Detector Noise

Detector noise is the term given to any perturbation on the detector output that is not related to an eluted solute. It is a fundamental property of the detecting system and determines the ultimate sensitivity or minimum detectable concentration that can be achieved. Detector noise has been arbitrarily divided into three types, 'short term noise', 'long term noise' and 'drift' all three of which are depicted in figure 13.

Short Term Noise

Short term noise consists of baseline perturbations that have a frequency that is significantly higher than that of the eluted peak. Short term detector noise can be easily removed by appropriate noise filters without affecting the profiles of the peaks. Its source is usually electronic.
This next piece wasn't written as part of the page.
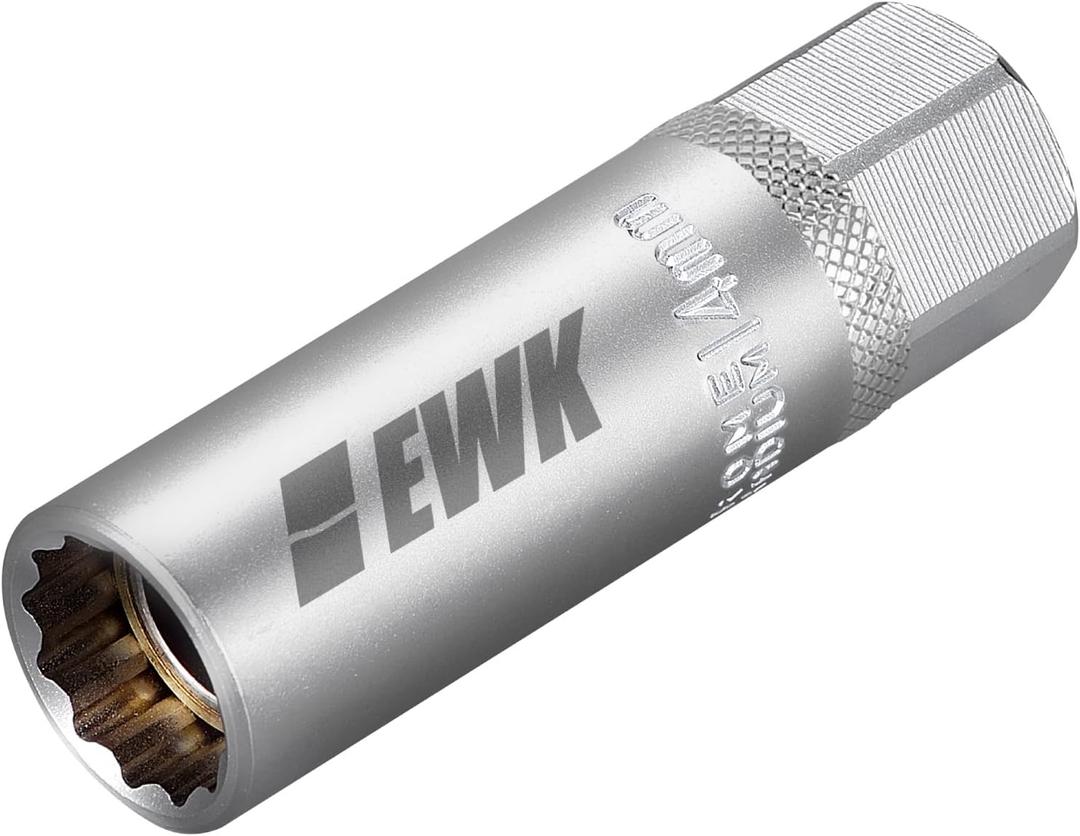 EWK 14mm 12 Point Thin Wall Magnetic Spark Plug Socket, 3/8" Drive Deep Well Tool for BMW N54 N55 B58, Mini Cooper R55R60, Nissan & Infiniti 14mm Bi-Hex Spark Plugs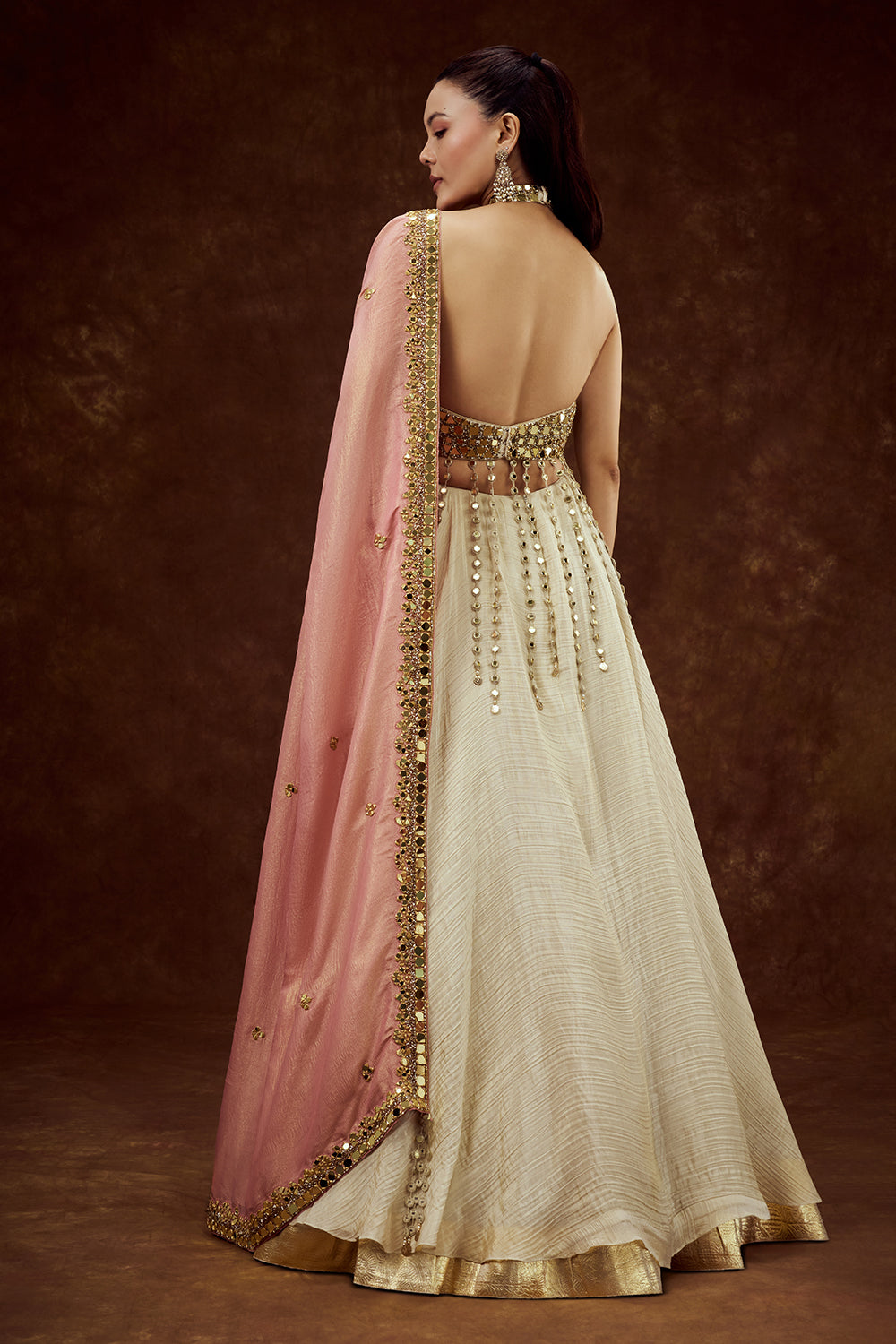 Beige Gold Tissue Contemporary Gown with Mirror and Cutdana Work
Figure 13 Different Types of Detector Noise

Long Term Noise

Long term noise is perturbations that have a frequency that is similar to that of the eluted peak. Long term noise is the most damaging as it is indiscernible from very small peaks in the chromatogram. Long term noise cannot be removed by electronic filtering. In figure 13, the peak profile can be discerned from the high frequency noise, but not from the long term noise. Long term noise arises from temperature, pressure and flow rate changes in the sensing cell or irregular column bleed. Long term noise ultimately determines the limits of detector sensitivity or the minimum detectable concentration.

Drift

Drift results from baseline perturbations that have a frequency much smaller than that of the eluted peak. Drift can be due to changes in ambient temperature, changes in mobile flow rate, or column bleed in GC; in LC drift can be due to pressure changes, flow rate changes or variations in solvent composition. A combination of all three sources of noise is shown by the lowest trace in figure 13.